◆ Task item
Give again the lines of the data from its first line through the line with "CHANEL Earrings F520260401068349". Change nothing.

◆ Records to process
_ _ _ _ _ _ _
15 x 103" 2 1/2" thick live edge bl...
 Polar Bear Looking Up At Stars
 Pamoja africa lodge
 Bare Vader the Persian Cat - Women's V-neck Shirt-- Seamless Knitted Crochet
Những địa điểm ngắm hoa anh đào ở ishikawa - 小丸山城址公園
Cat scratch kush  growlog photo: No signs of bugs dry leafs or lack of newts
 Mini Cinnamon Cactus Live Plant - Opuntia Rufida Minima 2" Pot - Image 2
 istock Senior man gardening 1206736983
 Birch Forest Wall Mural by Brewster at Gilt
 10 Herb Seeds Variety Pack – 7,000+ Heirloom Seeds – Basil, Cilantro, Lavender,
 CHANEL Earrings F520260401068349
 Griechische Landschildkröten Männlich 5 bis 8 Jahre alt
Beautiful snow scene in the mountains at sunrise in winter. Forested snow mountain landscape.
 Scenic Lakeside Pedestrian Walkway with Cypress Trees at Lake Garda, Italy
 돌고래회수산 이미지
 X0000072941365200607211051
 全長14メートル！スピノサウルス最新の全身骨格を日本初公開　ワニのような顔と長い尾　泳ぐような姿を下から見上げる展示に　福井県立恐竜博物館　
_ _ _ _ _ _ _
◆ Reply to the task
15 x 103" 2 1/2" thick live edge bl...
 Polar Bear Looking Up At Stars
 Pamoja africa lodge
 Bare Vader the Persian Cat - Women's V-neck Shirt-- Seamless Knitted Crochet
Những địa điểm ngắm hoa anh đào ở ishikawa - 小丸山城址公園
Cat scratch kush  growlog photo: No signs of bugs dry leafs or lack of newts
 Mini Cinnamon Cactus Live Plant - Opuntia Rufida Minima 2" Pot - Image 2
 istock Senior man gardening 1206736983
 Birch Forest Wall Mural by Brewster at Gilt
 10 Herb Seeds Variety Pack – 7,000+ Heirloom Seeds – Basil, Cilantro, Lavender,
 CHANEL Earrings F520260401068349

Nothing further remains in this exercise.